What you will do: From the listing below, set down exactly the lines between the one holding "Original WW2 British" and the one holding "Nokha handwoven rug in black — Art Avenue", inclusive. No other line is wanted.

Records for the task:
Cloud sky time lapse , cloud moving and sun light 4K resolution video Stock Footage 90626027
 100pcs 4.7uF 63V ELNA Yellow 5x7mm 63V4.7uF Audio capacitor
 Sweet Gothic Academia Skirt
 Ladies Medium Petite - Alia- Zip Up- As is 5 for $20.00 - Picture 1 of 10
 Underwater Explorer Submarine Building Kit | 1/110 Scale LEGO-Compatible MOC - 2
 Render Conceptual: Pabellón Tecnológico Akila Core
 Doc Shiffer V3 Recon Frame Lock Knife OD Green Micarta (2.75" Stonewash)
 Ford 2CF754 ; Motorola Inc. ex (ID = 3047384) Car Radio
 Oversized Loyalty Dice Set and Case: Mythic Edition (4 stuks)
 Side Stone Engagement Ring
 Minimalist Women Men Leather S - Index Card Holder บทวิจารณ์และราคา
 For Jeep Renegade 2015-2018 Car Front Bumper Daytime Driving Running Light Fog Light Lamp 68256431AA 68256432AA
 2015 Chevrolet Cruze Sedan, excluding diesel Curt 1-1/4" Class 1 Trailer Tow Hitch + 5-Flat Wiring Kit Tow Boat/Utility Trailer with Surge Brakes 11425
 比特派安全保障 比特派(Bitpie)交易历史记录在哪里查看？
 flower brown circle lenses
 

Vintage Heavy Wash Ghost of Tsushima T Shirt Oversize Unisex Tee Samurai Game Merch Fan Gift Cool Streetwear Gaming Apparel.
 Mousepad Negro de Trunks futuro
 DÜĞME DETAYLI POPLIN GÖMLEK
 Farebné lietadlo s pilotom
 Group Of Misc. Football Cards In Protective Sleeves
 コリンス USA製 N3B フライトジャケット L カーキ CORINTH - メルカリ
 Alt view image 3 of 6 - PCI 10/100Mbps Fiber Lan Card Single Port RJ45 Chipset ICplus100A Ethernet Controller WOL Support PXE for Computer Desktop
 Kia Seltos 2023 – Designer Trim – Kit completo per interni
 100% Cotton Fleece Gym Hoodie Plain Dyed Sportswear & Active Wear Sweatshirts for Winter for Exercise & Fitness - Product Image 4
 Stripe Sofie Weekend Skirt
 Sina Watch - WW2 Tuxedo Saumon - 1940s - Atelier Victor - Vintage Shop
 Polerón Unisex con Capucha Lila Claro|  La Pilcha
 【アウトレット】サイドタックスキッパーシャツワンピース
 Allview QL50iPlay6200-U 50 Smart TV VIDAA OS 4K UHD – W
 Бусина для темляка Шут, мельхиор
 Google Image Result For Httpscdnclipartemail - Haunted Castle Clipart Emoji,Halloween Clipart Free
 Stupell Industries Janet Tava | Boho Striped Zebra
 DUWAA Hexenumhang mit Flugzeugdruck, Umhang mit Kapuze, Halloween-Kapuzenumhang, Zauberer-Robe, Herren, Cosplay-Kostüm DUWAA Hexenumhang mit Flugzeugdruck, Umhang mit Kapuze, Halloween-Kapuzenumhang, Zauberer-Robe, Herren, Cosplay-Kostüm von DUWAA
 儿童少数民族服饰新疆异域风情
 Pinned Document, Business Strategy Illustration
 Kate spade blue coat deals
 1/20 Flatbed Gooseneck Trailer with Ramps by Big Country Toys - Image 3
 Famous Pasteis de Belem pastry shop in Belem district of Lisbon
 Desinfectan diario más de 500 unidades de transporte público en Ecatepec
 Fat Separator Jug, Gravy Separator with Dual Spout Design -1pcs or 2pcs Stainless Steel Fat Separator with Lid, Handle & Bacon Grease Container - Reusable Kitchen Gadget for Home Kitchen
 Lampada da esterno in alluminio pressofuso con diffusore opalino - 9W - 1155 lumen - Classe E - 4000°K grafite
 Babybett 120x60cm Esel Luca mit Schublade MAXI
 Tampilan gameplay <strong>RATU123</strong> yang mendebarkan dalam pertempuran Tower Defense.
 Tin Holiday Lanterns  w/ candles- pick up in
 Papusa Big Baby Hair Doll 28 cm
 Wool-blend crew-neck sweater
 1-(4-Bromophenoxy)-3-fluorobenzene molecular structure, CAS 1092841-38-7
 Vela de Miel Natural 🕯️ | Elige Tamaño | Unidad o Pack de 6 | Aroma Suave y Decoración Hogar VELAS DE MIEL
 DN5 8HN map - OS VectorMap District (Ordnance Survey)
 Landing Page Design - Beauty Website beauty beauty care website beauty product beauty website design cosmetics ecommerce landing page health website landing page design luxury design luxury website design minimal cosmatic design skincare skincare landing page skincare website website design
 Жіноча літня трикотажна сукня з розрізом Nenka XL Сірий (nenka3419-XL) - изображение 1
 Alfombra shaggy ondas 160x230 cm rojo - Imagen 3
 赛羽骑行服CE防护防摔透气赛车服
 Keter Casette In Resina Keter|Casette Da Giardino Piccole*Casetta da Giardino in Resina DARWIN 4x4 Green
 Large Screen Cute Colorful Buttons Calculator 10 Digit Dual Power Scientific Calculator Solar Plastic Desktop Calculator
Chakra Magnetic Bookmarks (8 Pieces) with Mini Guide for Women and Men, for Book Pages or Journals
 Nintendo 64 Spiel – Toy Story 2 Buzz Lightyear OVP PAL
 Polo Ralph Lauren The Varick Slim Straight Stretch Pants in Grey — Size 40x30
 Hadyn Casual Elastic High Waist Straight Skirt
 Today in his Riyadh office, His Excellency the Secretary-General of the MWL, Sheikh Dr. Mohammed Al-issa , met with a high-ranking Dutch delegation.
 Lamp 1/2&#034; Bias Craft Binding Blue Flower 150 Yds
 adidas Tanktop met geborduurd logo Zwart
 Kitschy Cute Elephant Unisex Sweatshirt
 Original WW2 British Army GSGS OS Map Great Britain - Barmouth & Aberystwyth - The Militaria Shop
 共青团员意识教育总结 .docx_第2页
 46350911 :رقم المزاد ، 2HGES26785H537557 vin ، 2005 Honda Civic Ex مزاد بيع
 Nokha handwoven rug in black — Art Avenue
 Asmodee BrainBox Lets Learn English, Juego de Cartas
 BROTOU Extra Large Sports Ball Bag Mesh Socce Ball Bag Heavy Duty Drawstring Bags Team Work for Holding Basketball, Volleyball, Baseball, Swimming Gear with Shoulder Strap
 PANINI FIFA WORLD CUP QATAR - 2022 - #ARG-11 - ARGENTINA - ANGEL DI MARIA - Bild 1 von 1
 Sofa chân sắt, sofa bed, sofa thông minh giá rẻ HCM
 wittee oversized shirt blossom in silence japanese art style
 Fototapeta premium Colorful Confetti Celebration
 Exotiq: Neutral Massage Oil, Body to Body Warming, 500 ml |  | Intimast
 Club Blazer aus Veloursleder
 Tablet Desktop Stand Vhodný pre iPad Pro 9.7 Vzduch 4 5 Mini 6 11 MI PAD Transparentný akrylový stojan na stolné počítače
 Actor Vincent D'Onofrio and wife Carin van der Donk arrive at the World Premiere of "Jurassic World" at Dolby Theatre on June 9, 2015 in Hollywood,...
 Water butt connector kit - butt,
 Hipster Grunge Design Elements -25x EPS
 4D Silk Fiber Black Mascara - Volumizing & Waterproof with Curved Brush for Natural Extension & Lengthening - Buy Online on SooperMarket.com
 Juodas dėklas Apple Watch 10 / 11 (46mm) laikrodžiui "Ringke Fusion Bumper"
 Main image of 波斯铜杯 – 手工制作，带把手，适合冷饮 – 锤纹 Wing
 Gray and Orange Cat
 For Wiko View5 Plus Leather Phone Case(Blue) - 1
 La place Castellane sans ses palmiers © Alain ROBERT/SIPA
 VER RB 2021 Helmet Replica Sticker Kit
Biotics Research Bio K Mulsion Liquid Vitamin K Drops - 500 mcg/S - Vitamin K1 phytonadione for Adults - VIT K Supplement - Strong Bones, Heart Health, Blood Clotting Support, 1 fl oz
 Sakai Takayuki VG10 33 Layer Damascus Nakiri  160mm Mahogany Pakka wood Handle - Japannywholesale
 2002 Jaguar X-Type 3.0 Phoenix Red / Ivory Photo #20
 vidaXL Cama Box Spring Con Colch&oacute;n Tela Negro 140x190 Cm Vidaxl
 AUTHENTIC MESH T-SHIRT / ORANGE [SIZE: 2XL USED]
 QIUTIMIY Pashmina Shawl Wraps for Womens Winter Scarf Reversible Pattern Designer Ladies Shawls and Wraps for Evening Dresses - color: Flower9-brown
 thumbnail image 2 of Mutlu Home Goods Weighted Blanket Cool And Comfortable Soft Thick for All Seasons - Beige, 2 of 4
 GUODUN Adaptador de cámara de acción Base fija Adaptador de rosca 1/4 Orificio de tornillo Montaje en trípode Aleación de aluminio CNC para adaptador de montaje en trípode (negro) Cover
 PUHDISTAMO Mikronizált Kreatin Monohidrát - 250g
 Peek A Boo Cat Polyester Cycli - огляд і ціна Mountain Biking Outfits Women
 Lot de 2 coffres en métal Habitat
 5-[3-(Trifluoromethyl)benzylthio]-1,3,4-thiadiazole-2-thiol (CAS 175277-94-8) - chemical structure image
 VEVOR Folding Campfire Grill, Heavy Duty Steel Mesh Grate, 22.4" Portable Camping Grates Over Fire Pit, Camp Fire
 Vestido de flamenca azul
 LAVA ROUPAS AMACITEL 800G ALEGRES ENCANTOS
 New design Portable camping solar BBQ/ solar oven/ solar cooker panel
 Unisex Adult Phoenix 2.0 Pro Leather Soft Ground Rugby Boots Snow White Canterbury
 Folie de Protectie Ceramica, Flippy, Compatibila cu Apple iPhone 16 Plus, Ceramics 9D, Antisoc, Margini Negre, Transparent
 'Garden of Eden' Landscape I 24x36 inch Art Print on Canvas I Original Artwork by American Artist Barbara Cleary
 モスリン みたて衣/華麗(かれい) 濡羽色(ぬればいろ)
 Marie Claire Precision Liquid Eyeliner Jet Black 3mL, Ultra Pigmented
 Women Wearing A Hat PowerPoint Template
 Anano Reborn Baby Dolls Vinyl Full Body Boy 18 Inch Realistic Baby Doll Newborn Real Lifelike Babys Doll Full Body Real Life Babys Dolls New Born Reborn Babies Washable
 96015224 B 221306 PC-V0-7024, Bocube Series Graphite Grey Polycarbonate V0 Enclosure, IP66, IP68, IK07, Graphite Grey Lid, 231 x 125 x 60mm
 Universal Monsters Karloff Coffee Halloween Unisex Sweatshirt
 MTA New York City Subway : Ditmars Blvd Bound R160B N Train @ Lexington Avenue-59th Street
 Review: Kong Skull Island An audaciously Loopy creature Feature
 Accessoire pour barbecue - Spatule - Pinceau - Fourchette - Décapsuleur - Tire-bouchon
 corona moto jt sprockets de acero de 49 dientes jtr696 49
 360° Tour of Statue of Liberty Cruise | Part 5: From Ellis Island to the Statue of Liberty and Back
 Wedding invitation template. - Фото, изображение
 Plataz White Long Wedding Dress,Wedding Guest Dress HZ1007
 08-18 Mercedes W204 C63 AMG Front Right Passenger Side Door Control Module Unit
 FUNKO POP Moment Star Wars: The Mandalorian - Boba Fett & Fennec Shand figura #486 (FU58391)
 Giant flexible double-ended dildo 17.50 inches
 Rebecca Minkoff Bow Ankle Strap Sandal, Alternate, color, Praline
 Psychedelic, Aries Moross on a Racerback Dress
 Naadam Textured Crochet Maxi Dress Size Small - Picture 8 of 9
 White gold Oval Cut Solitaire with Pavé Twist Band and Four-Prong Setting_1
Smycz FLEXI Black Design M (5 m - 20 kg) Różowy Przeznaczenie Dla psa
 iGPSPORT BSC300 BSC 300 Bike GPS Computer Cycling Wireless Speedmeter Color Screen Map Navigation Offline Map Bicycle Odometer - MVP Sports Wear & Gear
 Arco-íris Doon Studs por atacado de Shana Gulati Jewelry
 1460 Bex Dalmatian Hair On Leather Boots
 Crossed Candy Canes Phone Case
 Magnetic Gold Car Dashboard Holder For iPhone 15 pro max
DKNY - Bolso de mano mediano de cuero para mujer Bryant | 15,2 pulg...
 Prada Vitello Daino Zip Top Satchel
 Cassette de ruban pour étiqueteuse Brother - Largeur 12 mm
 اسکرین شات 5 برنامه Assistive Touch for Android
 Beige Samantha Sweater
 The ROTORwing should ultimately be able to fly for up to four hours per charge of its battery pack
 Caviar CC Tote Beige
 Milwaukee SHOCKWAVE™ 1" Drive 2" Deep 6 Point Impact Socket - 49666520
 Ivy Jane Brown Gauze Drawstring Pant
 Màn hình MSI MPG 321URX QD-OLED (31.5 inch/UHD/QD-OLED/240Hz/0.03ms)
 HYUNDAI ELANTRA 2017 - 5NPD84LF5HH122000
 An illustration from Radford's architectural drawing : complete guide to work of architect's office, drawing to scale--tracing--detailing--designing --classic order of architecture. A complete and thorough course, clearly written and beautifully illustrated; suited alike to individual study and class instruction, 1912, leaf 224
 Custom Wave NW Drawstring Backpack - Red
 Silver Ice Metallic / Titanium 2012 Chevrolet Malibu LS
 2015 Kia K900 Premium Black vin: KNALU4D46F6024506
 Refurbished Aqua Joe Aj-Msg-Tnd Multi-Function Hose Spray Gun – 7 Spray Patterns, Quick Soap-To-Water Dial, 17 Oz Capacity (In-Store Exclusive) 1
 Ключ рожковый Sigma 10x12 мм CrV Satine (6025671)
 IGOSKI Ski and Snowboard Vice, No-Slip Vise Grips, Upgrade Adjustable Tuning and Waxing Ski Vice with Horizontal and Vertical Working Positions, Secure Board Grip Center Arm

Output for this task:
 Original WW2 British Army GSGS OS Map Great Britain - Barmouth & Aberystwyth - The Militaria Shop
 共青团员意识教育总结 .docx_第2页
 46350911 :رقم المزاد ، 2HGES26785H537557 vin ، 2005 Honda Civic Ex مزاد بيع
 Nokha handwoven rug in black — Art Avenue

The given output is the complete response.